* _Exercise objective_
Leave every picture out, then reproduce the rest of the listing exactly.

* _Provided data_
........
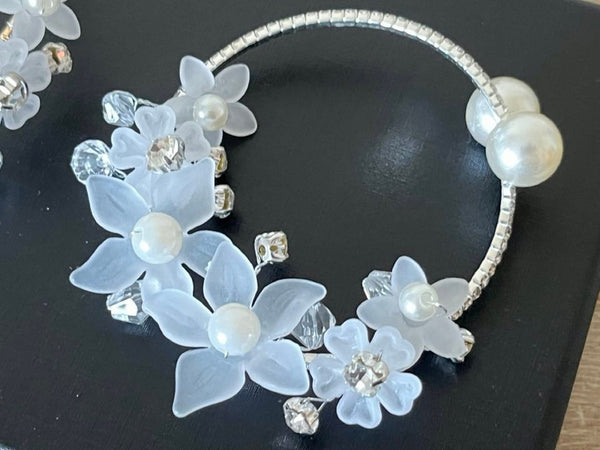 1 Piece / Crystal Open Corsage, Bridesmaid Bracelet  CR012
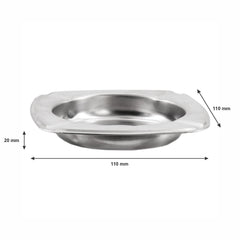 REGENT ASHTRAY SQUARE STAINLESS STEEL, 110MM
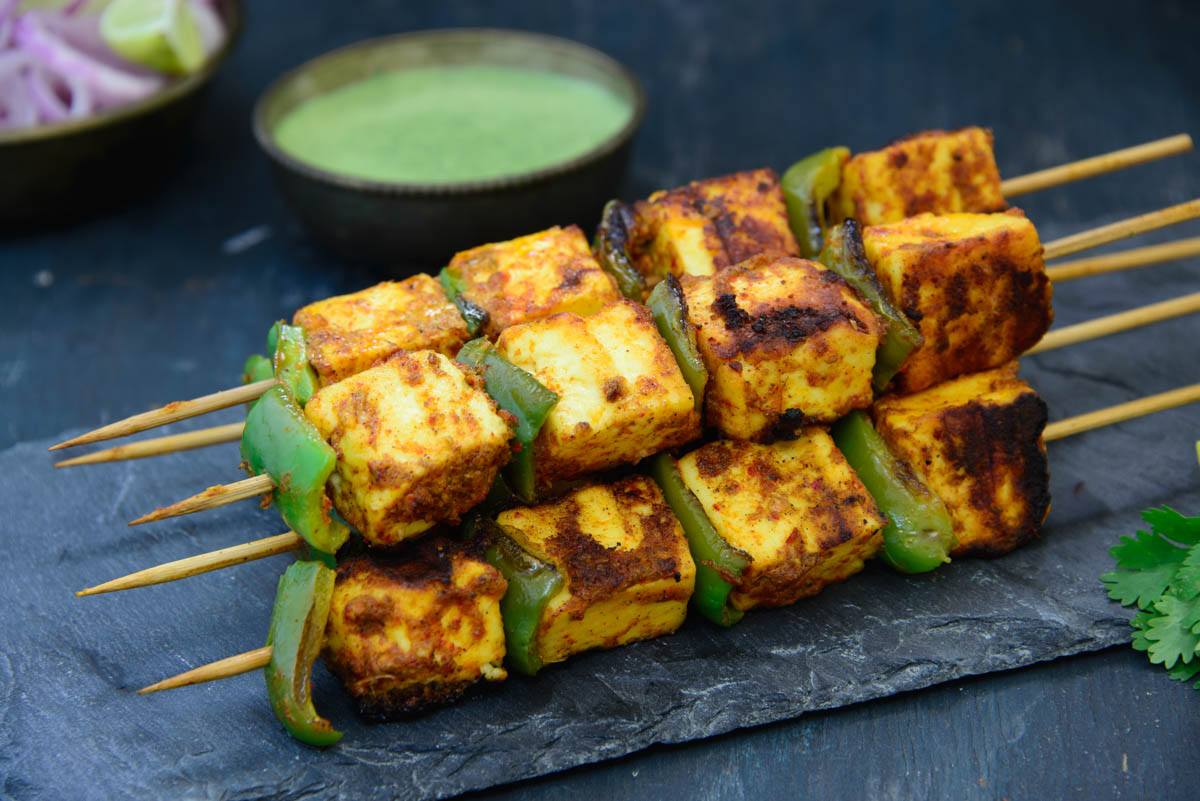 अचारी पनीर टिक्का रेसिपी - Achari Paneer Tikka Recipe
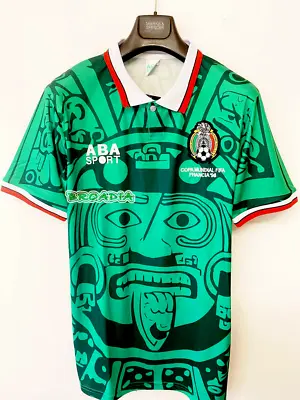 Mexico World Cup 1998 Retro Shirt Vintage Classic Soccer Football DS • £23.09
........
* _Answer area_
 1 Piece / Crystal Open Corsage, Bridesmaid Bracelet  CR012
 REGENT ASHTRAY SQUARE STAINLESS STEEL, 110MM
 अचारी पनीर टिक्का रेसिपी - Achari Paneer Tikka Recipe
 Mexico World Cup 1998 Retro Shirt Vintage Classic Soccer Football DS • £23.09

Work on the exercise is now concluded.